イギリスのスポーツカーメーカーのロータスが製造する電気自動車エヴァイヤは、1基あたり500psを発生するモーターを4輪に搭載し、合計出力は2000馬力です。最高速度は320km/h以上とされていますが、もっとも特徴的なのは、ライバルより圧倒的に軽い1680kgの車重と言えます。

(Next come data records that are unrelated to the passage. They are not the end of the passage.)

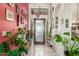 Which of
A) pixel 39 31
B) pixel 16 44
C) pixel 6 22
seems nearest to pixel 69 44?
pixel 39 31

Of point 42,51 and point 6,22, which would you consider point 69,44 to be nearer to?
point 42,51

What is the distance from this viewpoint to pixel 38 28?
9.55ft

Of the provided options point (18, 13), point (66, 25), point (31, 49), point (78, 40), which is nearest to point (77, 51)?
point (78, 40)

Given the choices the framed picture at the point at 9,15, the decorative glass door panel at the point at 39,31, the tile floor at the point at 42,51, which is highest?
the framed picture at the point at 9,15

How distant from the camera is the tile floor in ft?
9.23

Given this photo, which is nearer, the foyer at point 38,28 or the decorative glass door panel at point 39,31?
the foyer at point 38,28

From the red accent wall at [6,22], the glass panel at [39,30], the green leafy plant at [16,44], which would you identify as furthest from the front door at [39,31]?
the red accent wall at [6,22]

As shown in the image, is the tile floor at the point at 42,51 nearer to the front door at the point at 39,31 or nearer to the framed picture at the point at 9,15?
the front door at the point at 39,31

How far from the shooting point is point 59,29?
285cm

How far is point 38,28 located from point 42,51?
458 mm

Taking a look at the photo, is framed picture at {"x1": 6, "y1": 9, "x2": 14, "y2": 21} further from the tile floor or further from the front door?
the tile floor

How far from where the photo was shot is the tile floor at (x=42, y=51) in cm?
281

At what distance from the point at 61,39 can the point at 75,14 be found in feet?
1.77

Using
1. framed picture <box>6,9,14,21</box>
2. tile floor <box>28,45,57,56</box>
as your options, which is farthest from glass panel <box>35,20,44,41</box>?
framed picture <box>6,9,14,21</box> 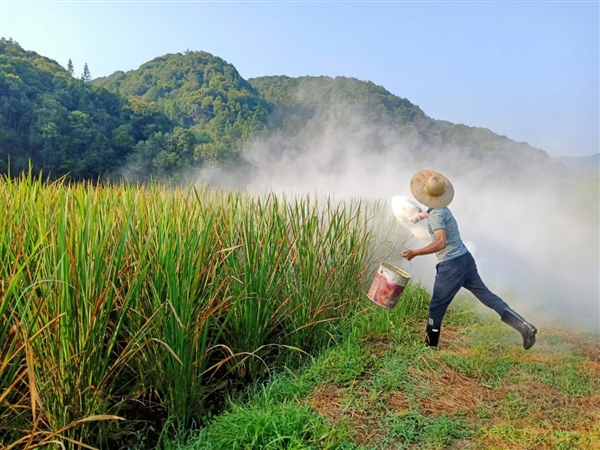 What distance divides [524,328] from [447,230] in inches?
36.3

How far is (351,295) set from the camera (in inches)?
166

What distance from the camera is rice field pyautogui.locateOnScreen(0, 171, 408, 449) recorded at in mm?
2012

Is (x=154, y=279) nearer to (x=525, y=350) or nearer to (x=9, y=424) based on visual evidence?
(x=9, y=424)

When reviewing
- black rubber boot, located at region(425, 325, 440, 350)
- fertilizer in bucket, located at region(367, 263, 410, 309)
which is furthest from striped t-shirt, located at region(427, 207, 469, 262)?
black rubber boot, located at region(425, 325, 440, 350)

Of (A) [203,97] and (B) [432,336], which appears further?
(A) [203,97]

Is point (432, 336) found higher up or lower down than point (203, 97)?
lower down

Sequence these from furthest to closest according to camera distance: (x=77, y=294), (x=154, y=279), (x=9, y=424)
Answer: (x=154, y=279), (x=9, y=424), (x=77, y=294)

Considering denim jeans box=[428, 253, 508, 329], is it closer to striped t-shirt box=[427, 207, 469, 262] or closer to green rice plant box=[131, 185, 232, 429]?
striped t-shirt box=[427, 207, 469, 262]

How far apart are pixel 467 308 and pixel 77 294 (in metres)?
3.90

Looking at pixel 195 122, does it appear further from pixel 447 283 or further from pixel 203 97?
pixel 447 283

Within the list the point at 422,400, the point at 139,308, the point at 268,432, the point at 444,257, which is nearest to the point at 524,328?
the point at 444,257

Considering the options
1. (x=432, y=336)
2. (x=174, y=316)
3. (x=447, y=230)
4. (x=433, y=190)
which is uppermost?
(x=433, y=190)

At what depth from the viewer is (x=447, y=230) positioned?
11.5ft

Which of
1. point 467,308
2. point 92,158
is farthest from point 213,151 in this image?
point 467,308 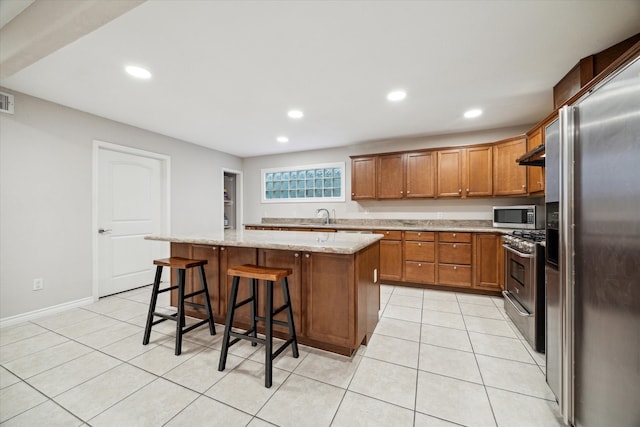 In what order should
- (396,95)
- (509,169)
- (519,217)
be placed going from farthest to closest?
(509,169) < (519,217) < (396,95)

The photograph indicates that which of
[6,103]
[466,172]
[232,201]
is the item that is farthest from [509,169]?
[6,103]

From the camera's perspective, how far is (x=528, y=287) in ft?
7.58

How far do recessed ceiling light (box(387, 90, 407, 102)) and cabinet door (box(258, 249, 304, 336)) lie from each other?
6.57ft

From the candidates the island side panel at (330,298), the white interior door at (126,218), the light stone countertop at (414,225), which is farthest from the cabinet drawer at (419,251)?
the white interior door at (126,218)

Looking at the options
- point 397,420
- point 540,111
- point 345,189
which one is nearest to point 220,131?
point 345,189

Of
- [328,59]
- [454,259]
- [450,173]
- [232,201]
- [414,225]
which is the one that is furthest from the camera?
[232,201]

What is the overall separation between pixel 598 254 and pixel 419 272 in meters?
2.84

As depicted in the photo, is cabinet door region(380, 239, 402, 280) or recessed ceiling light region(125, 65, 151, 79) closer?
recessed ceiling light region(125, 65, 151, 79)

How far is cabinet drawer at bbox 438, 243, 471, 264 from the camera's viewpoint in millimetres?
3623

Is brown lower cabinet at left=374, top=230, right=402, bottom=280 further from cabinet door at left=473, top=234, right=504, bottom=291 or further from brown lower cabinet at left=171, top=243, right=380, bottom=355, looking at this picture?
brown lower cabinet at left=171, top=243, right=380, bottom=355

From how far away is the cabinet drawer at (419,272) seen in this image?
3.80m

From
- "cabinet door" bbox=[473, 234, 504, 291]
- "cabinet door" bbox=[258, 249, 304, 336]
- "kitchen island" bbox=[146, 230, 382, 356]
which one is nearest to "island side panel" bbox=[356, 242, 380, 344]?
"kitchen island" bbox=[146, 230, 382, 356]

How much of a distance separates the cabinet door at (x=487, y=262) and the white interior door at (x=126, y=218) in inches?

・第2位アラシュ AF10 ハイブリッド(2080馬力)

アラシュ AF10 ハイブリッド
アラシュ AF10 ハイブリッド

AF10 ハイブリッドは、イギリスのアラシュ・モーターカンパニーが2014年に発表したハイブリッドハイパーカーです。6.2L V型8気筒エンジンにスーパーチャージャーを組みわせ900馬力を発生。さらに、前後合計4基のモーターを追加して合計出力は2080馬力です。最高速度は320km/h以上とされています。

・第1位デヴェル 16(5007馬力)

デヴェル 16のV型16気筒エンジン仕様は5000馬力を生む(こちらはV型8気筒搭載バージョンの2000馬力)
デヴェル 16のV型16気筒エンジン仕様は5000馬力を生む(こちらはV型8気筒搭載バージョンの2000馬力)

ドバイに設立されたデヴェル・モータースの16(シックスティーン)は驚異の5007馬力を発揮します。12.3LのV型16気筒エンジンに4基のターボチャージャーを組み合わせ、その最高速度は500km/h以上とのこと。

この他、2000馬力や3000馬力に出力を抑えたモデルも販売される予定で、日本でも2000馬力の6.1L V型8気筒ツインターボエンジンモデルが販売される見通しです。